(Given material)

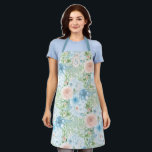 Rosa grüne Blüte Schürze<br><div class="desc">Das schöne rustikale Blau,  das Grün,  das Rosa und die Imitate sehen aus. Also Shabby Chic und niedlich.</div>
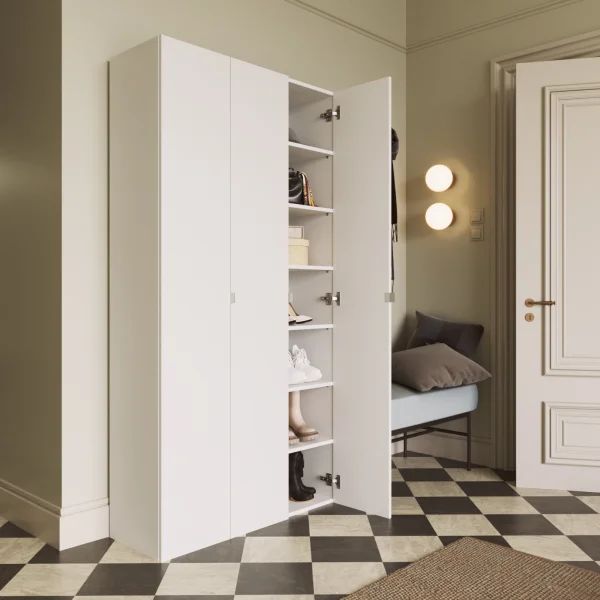 Mobile scarpiera multiuso ingresso 95x186h cm 3 ante bianco lucido Roks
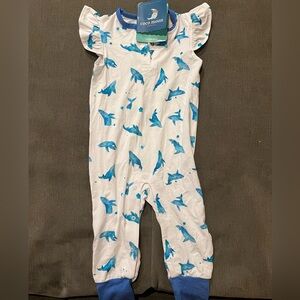 Coco moon Blue Whale Print Kids One Piece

(End Given material)

__Work instructions__
The whole listing should be retyped word for word; none of its pictures belong in the copy.

__Response to this task__
 Rosa grüne Blüte Schürze<br><div class="desc">Das schöne rustikale Blau,  das Grün,  das Rosa und die Imitate sehen aus. Also Shabby Chic und niedlich.</div>
 Mobile scarpiera multiuso ingresso 95x186h cm 3 ante bianco lucido Roks
 Coco moon Blue Whale Print Kids One Piece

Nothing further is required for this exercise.